_RECORD SET_
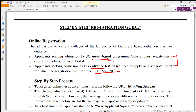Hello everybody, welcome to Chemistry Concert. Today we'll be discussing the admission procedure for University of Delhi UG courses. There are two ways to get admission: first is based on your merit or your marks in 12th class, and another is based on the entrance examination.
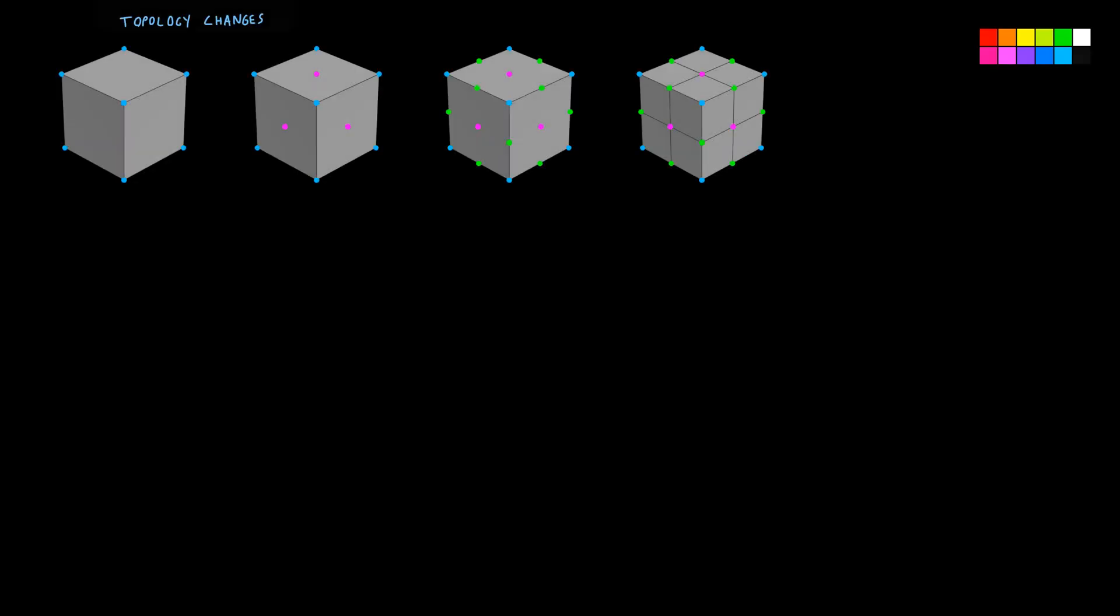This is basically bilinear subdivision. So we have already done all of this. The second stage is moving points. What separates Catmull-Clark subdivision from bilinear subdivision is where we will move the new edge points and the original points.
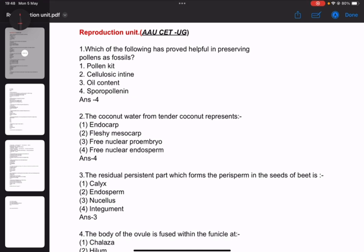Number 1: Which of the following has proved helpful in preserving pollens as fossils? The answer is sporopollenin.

---

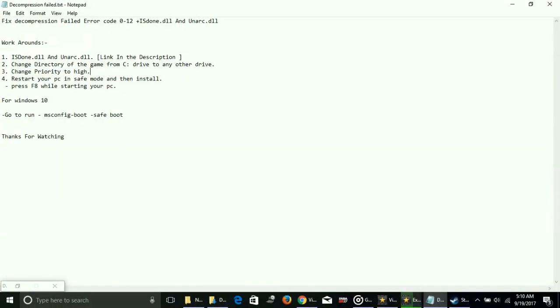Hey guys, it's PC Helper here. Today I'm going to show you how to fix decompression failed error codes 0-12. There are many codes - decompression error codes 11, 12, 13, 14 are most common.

--

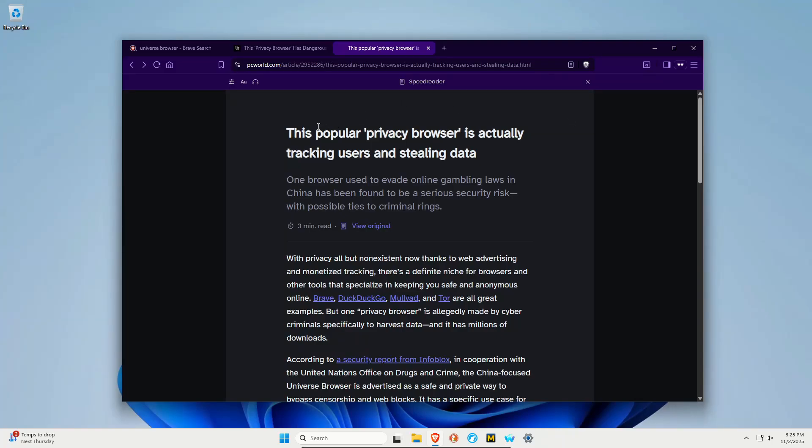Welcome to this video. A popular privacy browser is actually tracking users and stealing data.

_YOUR GOAL_
A verbatim reproduction is expected: starting at the line above that has "This is basically", ending at the line that has "Number 1: Which", both included, and with no pictures and no other lines.

_WRITTEN REPLY_
This is basically bilinear subdivision. So we have already done all of this. The second stage is moving points. What separates Catmull-Clark subdivision from bilinear subdivision is where we will move the new edge points and the original points.
Number 1: Which of the following has proved helpful in preserving pollens as fossils? The answer is sporopollenin.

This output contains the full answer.